Putting on my maid’s uniform I made my way to the gate to wait for the taxi, grateful that she wasn’t the one picking me up. I didn’t want to hear about US dollars when I had none.

“Oh you arrived safely,” she said upon my arrival. You were not there to drive me into the sea or give me a heart attack with your latest buy, I thought. I heard she had been sick recently – probably Alzheimer’s or stressing about what to buy; rich people’s problems.

“Yes, thank you,” I replied. “We can chat while you clean,” she said.

“OK,” I replied, pretty sure she would tell me all about her trips to Paris and wherever else she had been when she was young or the price of the golden crockery I was cleaning.

“You seem lonely and unhappy,” she said. How does she know that, I thought?

“I’m fine and very happy,” I said.

“I don’t think you are, in fact I know you are not. I’ve noticed it,” she continued.
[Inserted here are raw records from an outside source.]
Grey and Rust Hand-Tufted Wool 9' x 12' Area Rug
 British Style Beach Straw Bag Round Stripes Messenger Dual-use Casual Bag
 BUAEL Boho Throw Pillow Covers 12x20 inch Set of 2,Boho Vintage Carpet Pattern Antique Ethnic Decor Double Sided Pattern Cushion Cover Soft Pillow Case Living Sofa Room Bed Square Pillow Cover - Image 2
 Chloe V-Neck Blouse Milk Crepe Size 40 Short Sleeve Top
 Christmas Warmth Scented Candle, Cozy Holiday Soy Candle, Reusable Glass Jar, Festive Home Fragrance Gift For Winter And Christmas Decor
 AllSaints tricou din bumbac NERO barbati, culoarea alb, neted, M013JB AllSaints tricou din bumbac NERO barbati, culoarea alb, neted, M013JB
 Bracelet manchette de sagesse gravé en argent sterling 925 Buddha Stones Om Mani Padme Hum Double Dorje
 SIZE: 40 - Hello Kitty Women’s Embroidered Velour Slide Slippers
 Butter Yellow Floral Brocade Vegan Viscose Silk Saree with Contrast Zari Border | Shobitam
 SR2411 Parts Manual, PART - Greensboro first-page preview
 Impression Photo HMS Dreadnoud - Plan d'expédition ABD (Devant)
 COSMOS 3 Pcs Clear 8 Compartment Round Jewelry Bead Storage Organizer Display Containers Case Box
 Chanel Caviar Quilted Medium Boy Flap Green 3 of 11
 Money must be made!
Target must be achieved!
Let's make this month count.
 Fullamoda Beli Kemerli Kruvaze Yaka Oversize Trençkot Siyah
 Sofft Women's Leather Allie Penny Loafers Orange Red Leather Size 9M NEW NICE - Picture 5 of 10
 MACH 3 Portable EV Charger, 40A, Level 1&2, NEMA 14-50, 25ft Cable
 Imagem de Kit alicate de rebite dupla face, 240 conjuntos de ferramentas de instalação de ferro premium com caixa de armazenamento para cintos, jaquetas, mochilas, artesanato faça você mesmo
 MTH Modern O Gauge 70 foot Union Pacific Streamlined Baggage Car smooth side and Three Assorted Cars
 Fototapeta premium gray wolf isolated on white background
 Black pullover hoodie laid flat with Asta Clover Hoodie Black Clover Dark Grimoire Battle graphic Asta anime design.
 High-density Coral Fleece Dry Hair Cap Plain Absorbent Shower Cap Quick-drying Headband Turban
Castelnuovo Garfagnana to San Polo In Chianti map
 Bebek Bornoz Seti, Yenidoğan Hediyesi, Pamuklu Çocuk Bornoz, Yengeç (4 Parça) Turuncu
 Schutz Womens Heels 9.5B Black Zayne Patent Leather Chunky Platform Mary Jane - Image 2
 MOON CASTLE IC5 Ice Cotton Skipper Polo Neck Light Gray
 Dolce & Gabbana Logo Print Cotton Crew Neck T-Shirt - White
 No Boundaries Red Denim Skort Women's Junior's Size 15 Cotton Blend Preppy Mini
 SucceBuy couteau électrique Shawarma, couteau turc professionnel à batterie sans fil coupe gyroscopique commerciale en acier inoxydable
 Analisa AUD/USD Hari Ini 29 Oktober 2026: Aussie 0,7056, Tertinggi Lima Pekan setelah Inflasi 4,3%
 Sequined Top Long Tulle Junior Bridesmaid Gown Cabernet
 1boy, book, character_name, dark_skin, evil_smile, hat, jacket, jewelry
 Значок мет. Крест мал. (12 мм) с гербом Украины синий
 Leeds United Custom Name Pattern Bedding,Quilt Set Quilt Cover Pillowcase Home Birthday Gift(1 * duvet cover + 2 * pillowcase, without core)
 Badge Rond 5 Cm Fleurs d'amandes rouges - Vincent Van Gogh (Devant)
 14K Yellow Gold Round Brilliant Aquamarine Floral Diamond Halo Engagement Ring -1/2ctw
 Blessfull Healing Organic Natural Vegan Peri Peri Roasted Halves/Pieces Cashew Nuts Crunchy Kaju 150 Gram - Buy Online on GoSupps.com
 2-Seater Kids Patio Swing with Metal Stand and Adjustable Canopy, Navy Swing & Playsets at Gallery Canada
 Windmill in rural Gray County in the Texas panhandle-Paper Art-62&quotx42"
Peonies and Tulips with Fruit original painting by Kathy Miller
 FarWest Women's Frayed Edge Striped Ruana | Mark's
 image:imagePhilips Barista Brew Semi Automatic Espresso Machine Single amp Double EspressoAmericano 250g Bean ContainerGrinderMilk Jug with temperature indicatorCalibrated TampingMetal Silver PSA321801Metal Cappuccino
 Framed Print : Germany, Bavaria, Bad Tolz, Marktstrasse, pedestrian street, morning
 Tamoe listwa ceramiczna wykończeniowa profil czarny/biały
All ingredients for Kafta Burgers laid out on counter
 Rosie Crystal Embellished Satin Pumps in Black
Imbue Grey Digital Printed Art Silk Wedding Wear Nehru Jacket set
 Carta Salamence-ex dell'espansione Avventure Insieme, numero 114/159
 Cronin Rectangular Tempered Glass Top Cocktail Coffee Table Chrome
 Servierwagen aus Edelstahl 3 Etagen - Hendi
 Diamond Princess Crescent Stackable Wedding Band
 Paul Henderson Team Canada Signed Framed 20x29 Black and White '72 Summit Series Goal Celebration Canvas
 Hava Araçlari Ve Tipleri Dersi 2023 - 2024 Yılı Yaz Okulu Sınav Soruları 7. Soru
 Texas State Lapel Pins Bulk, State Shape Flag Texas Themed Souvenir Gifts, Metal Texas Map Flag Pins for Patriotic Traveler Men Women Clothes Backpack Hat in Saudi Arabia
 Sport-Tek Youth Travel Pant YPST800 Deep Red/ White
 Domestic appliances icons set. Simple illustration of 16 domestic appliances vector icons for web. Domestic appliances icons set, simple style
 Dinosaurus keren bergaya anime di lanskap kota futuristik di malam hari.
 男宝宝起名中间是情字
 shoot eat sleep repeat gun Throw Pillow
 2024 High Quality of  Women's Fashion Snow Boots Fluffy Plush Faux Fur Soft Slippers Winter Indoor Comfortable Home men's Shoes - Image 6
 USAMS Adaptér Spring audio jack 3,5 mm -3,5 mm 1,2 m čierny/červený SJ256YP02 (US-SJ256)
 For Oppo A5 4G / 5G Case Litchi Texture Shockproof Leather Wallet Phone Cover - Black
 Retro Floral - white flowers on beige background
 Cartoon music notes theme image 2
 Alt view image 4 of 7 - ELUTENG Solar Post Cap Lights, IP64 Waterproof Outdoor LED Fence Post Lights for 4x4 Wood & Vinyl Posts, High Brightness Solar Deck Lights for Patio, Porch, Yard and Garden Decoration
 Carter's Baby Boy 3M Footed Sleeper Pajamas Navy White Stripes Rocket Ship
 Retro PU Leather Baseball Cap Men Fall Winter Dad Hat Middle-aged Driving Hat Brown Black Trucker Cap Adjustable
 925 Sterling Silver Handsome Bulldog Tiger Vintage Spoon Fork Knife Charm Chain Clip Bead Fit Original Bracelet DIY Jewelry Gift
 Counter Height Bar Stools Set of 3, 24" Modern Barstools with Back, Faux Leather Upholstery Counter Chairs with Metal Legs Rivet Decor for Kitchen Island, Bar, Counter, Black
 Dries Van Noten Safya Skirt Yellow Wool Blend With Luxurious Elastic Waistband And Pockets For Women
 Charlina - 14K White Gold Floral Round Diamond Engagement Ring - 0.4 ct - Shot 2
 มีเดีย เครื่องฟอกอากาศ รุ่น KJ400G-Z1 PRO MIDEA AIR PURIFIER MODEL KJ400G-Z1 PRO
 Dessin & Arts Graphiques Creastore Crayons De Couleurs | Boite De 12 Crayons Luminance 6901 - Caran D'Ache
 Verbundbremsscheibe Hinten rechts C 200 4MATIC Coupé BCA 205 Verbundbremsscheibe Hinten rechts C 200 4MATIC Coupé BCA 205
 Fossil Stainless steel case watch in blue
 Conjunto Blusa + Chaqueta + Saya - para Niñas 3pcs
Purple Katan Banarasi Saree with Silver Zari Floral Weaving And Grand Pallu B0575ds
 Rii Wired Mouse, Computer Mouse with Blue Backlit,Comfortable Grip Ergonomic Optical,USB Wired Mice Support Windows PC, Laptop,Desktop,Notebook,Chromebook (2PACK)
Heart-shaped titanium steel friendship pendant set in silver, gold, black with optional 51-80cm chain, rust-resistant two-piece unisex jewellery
“I’m not that much of a talker,” I said.

“I know you don’t talk much, but there is something about you. What did you want to be while growing up?” she asked, surprising me.

“A writer, an actress and a motivational speaker. I used to write poems and short stories when I was in school. I wanted to write books and movie scripts too,” I replied.

“Then?” she asked.

“Then my parents died and my dreams faded away. I couldn’t afford to go to varsity,” I replied sadly.

“What’s the one thing that would make you happy?” she then asked.

“Perfecting my writing skills, at varsity, then again…” I trailed off.

“You can still be all you wanted to be.” She said with much encouragement.

“How? I don’t earn enough,” I argued.

“Enrol for weekend classes, start where you are. I’ll pay the fees for you. Nothing is wasted, each small step leads to success.” She said. My ears were playing tricks on me I thought, I never expected such wisdom and generosity from her. She then went on to tell me how she had struggled to accumulate all her riches. I had no idea.

I enrolled at a college a few days later. I never thought any good thing could come out of a dying woman, she noticed my intelligence and how unhappy I was. When she had looked at me, it was out of kindness. The lesson I learned was not to judge a book by its cover, one can never know what the chapters inside behold.